Pekka Tuominen (Corresponding Author), Francesco Reda, Waled Dawoud, Bahaa Elboshy, Ghada Elshafei, Abdelazim Negm

    Research output: Contribution to journalArticleScientificpeer-review

    Abstract

    This paper proposes a method and a tool based on cost-effectiveness analysis (CEA) for assessing energy efficiency improvements in buildings using a case example from Egypt. Commonly used methods for economic appraisal of energy efficiency improvements have shortcomings that warrant the study of alternative methods. To offer avenues for improving the current economic assessment of energy efficiency, methods used in other fields are studied. A chain of argumentation for choosing a suitable method is developed. As a result, CEA appears to be best suited to the problem at hand.

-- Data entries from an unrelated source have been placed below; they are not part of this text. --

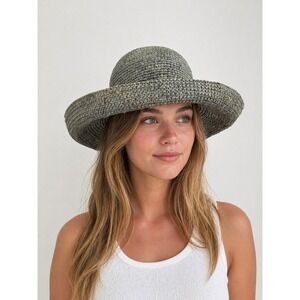 Kooringal Australia Sage Green 100% Raffia Wide Brim Sun Hat One Size 57 cm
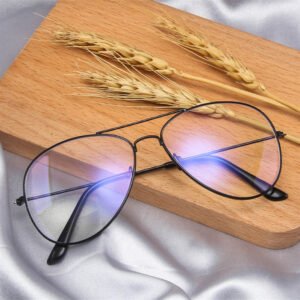 3026 Anti-Blue Light Glasses – Metal Frame Flat Lens Eyewear for Screen Protection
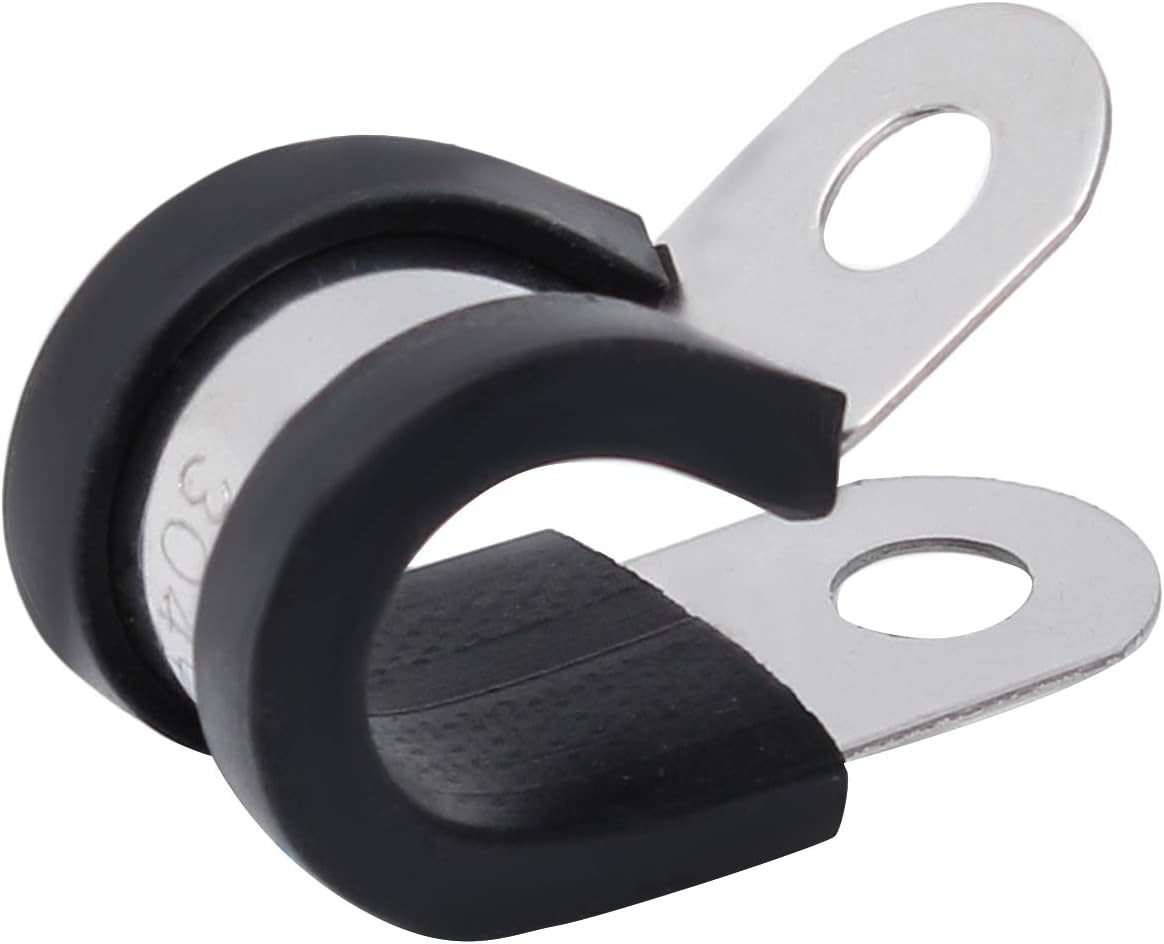20Pcs 1/2 Inch Stainless Steel Cable Clamps, Rubber Cushioned Insulated Pipe Cla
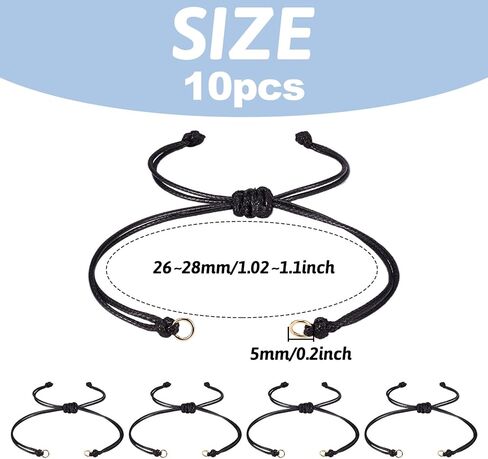 10pcs Adjustable Braided Waxed Cord Bracelets Black Nylon String Friendship Bracelet with Golden Jump Rings Knot Rope Twisted Semi Finished for Handmade Jewelry Making DIY Findings 1.02-1.1 inches in Saudi Arabia
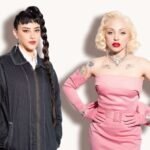 GRTSCH y Mon Laferte en fondo crema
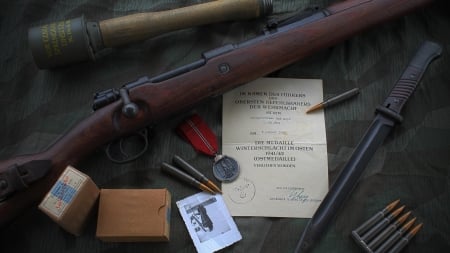 Karabiner 98k Rifle - bullets, vintage, gun, Karabiner 98k, weapon, Rifle, world war 2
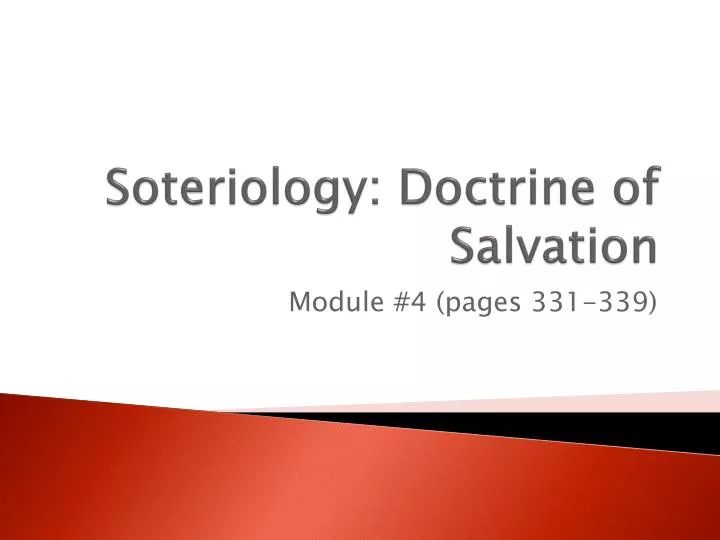 soteriology doctrine of salvation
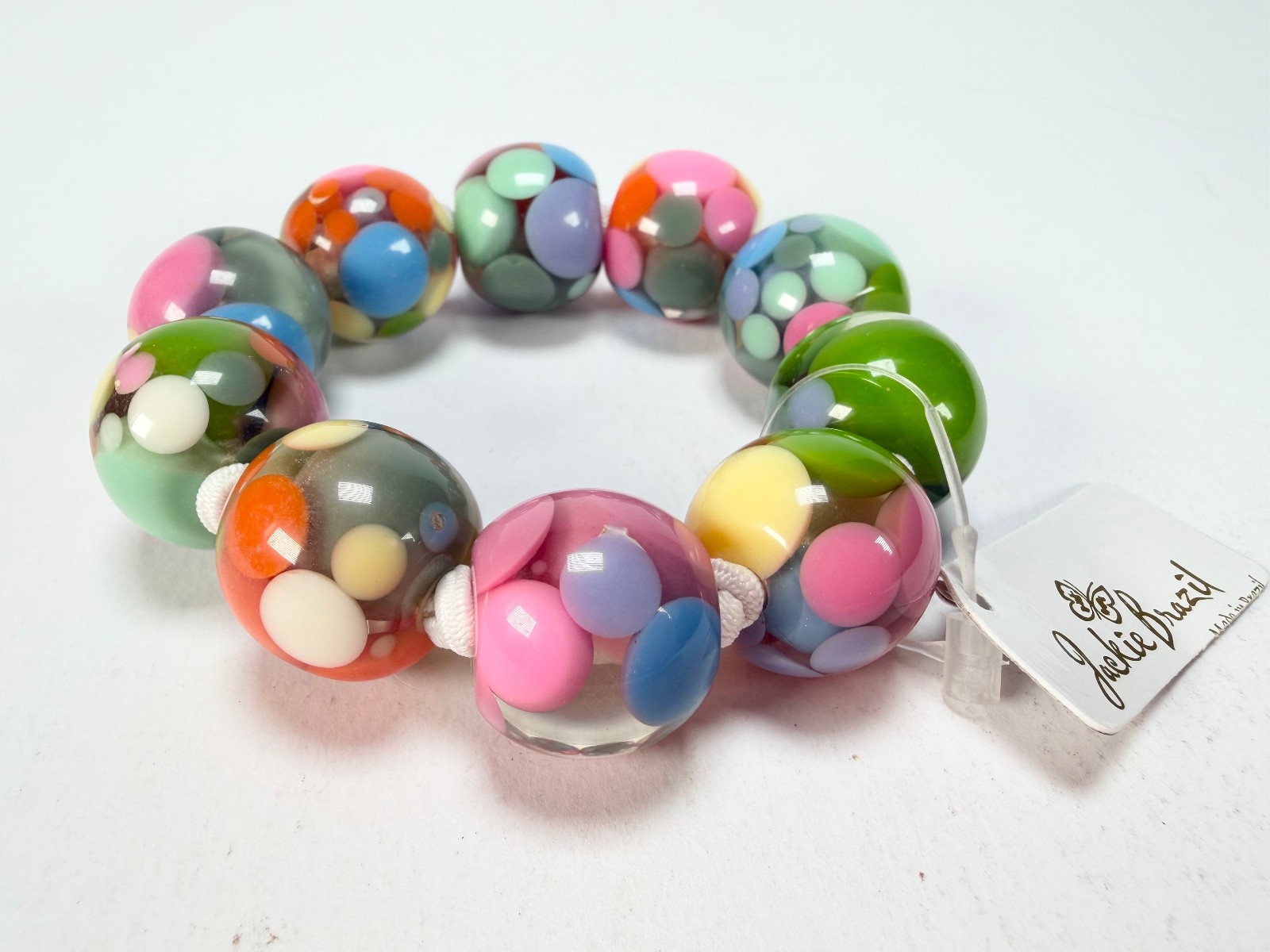 Jackie Brazil “Spots” Spotted Balls On Elastic Resin Bracelet ( B1470 )
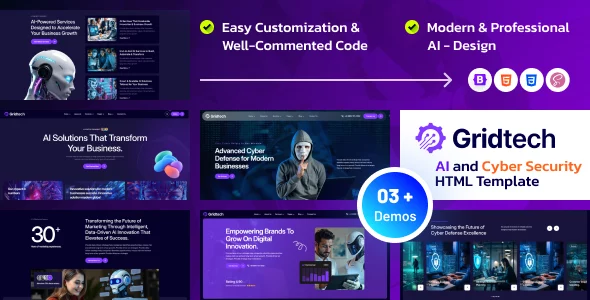 Gridtech - AI and Cyber Security HTML Template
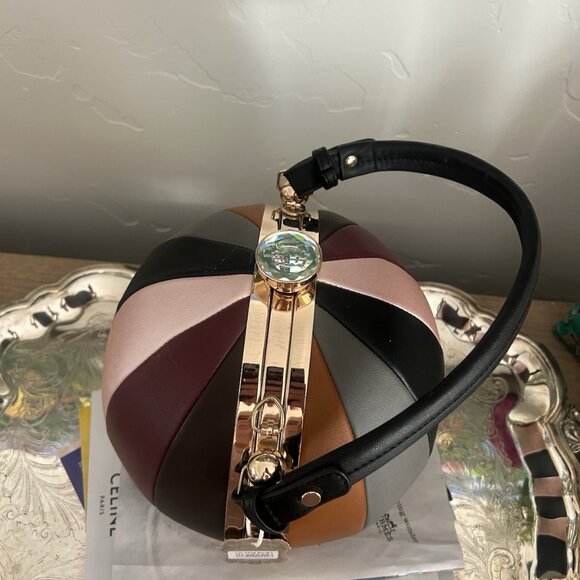 Vegan Leather Spherical Shoulder Bag With Colorful Stripes And Top Handle - Picture 4 of 6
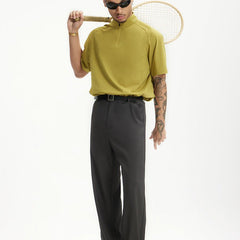 Men's Wide Leg Dress Pants | High Waisted Relaxed Fit Belted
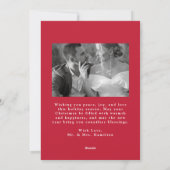 エレガント結婚したChristmas Script Red 2 Photo シーズンカード (裏面)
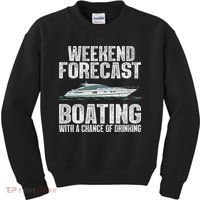 Cute Boat Drinking Art For Women Boating Pontoon Captain Kids Sweatshirt thumb 0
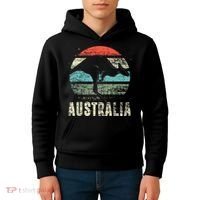 Kangaroo Aussie Zoo Animal Lover Retro Australia Kids Hoodie thumb 4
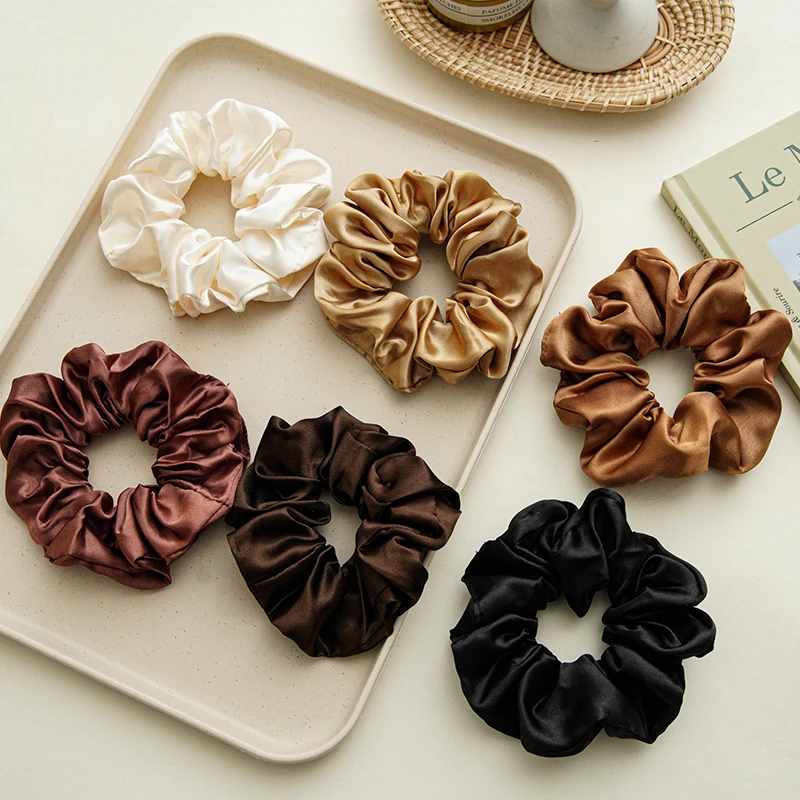 New Korean Coffee Women Elastic Hair Bands Solid Color Floral Print Scrunchies Hair Ties Ladies Ponytail Hold Hair Accessories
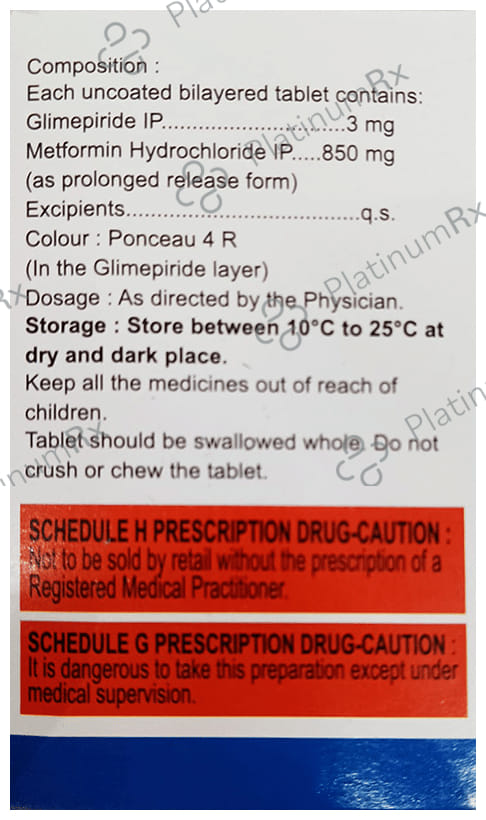Metafort G 3/850mg Tablet PR 10s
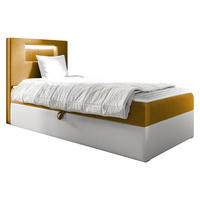 BOXBETT Gold Junior 1, Seite zum Öffnen des Bettkastens: Links - Gelb/Weiß, Holz (90/200cm) - MIRJAN24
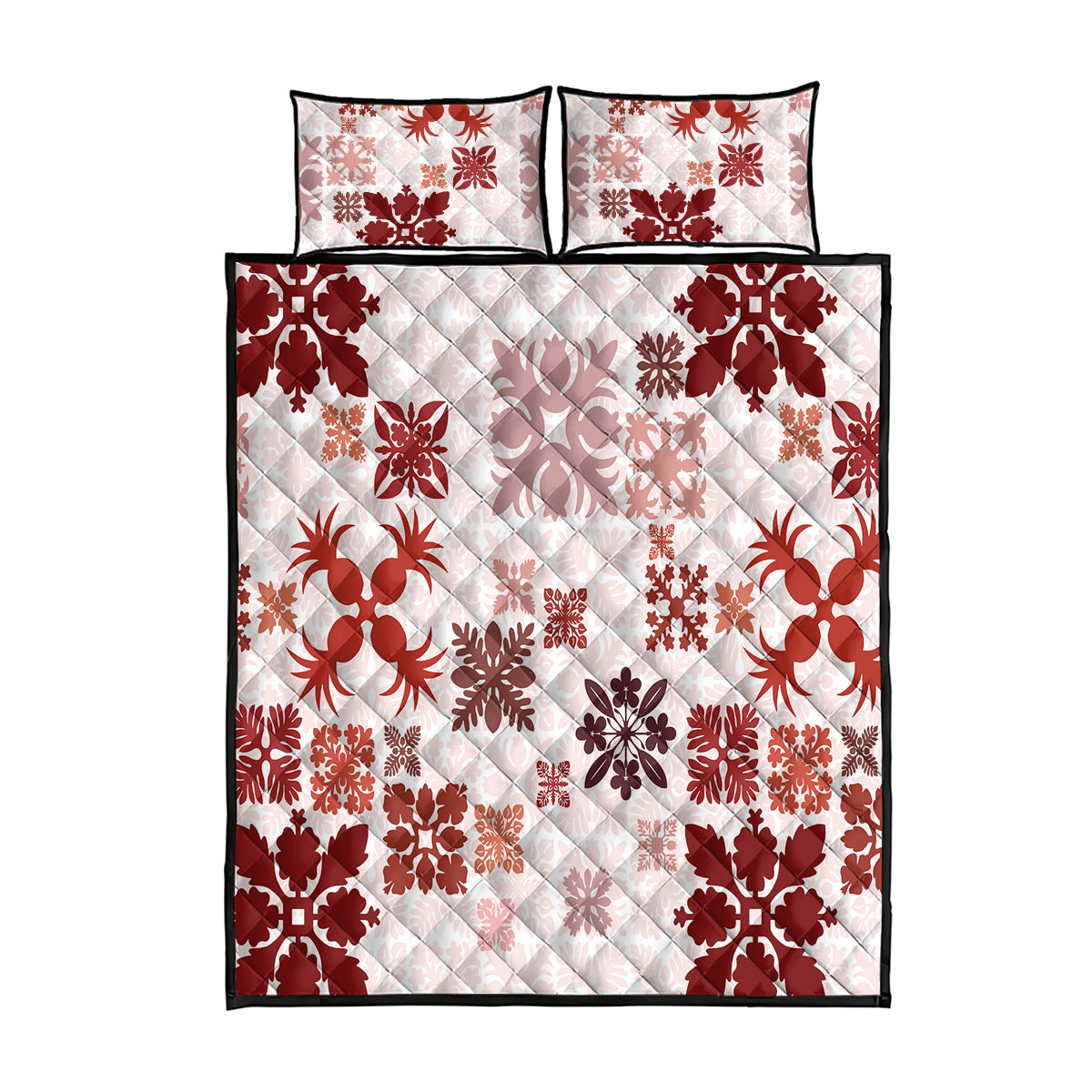 Vintage Hawaii Quilt Bed Set Hawaiian Quilt Kapa Mismatch Red LT7 Red - Polynesian Pride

It can be used to, first, define the cost of the primary aim of saving energy and, second, allow the comparison of alternative investments in sustainable energy, not limited to energy conservation alone. A case building is studied with a calculation using a CEA method adapted for energy efficiency improvements in buildings to demonstrate the use of the method. In the case studied the CEA calculation produced costs of 0.26–0.60 USD/kWh for energy saved by the energy efficiency investments made. A systematic appraisal of cost-effectiveness of alternative energy efficiency projects would allow pointing out the most effective ones in terms of energy saved per money spent.
    Original languageEnglish
    Pages (from-to)67-81
    JournalGreen Finance
    Volume1
    Issue number1
    DOIs
    Publication statusPublished - 2019
    MoE publication typeNot Eligible

    Fingerprint

    Energy efficiency
    Cost-effectiveness
    Cost-effectiveness analysis
    Energy
    Costs
    Alternative investments
    Energy conservation
    Warrants
    Egypt
    Alternative energy
    Argumentation
    Energy saving
    Sustainable energy
    Economics
    Economic appraisal

    Keywords

    • energy efficiency
    • cost-effectiveness
    • economic efficiency
    • investment
    • budgeting

    Cite this

    Tuominen, Pekka ; Reda, Francesco ; Dawoud, Waled ; Elboshy, Bahaa ; Elshafei, Ghada ; Negm, Abdelazim. / A cost-effectiveness assessment method and tool for assessing energy efficiency improvements in buildings. In: Green Finance. 2019 ; Vol. 1, No. 1. pp. 67-81.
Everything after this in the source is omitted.